Though the very vast majority of us weren’t exactly happy/comfortable with the lockdown measures previously in place, we were beginning to adapt to our new temporary normal. We were clear where we could and couldn’t go, who we could go with, and how close we could get to people. Outside of our immediate families/households, we knew that if we went to a park (for example), we would have to ensure appropriate physical distancing with others, no matter how well we knew them.
But now, as many of us begin to cautiously expand our ‘bubbles’, and visit increasingly more public places (cafes, restaurants, etc.), those parameters are again less clear – and there seems to be another emerging shift into fear and uncertainty. At Jouta, we’ve been discussing some of these questions, what we’re thinking/worrying/unsure about, or seeing around us – knowing that they have a cascading effect on the workplace. Some of these include:
- What exactly constitutes my bubble? Is it different for someone who lives/works alone versus a family/household of 4 who goes into the workplace?
- Is everyone interpreting the concept of bubbles in the same way?
- As I expand my bubble, how do I know how cautious (or not) people are being with others? Are the people we felt ‘safe’ with before May 19th potentially higher risk now that they’ve possibly been in contact with more people?

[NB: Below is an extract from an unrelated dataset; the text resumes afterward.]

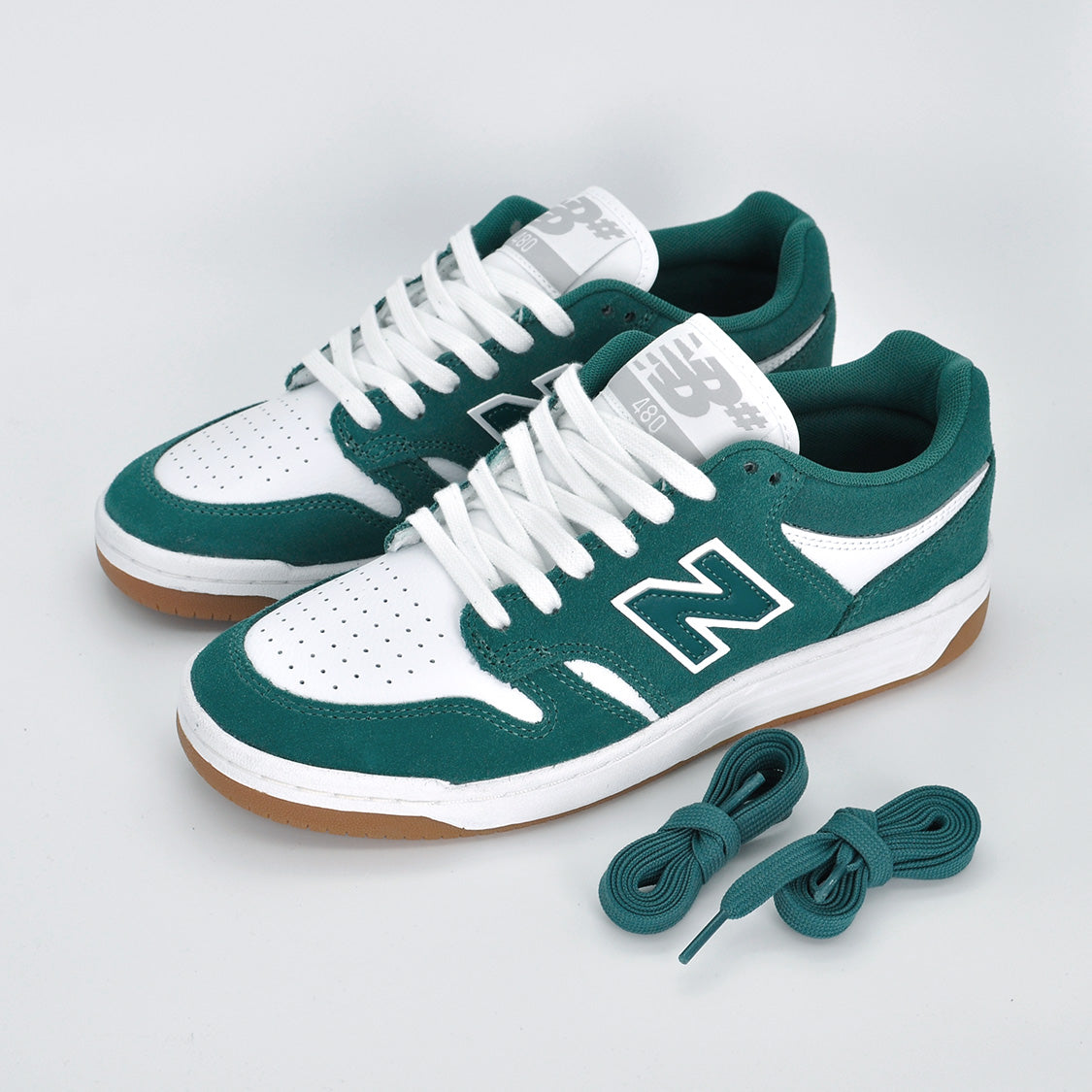 New Balance Numeric 480 - Vintage Teal (2E WIDE)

- Should I be wearing a mask? When and where do I wear a mask now?
- Is everyone diligent with their hygiene?
- Should I feel unsafe if restaurants aren’t asking for my contact information for contact tracing?

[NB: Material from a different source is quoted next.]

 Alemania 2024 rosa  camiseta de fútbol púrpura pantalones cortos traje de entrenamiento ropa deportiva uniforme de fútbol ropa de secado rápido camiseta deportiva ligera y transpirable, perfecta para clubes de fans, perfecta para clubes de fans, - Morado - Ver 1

As conscientious individuals who all work from home, live alone or with only one or two family members, and who are making well-thought-out choices, these are just a few of the things we’re thinking about as easing of restrictions begins to occur. As employees begin to go back into the workplace, even with solid protocol, there’s no doubt these questions/concerns (and more) are on the minds of many. We know that, even without things opening up, some employees are afraid to go back to work. As we’ve explored in past posts, many have personal circumstances (e.g. caring for vulnerable individuals) that objectively legitimize these fears. For others, especially in such an uncertain time, we need to be very careful about judging whether a fear is legitimate or not.
As your employees return to the workplace, once you have appropriate protocol in place, of course, it’s likely you’ll see varying behaviours. Some will wear masks, some won’t. While all should be expected to comply with your protocol, some will be more diligent than others. And some will take it to another level. So long as your protocol is being followed, employees are able to do their jobs/be productive, and everyone is respectful of individual choices, these differences are acceptable. It may, however, be necessary to highlight your respectful workplace practices. Just as ‘jokes’ about gender or ethnicity are unacceptable, so too is shaming or ‘joking’ about individual choices around safety.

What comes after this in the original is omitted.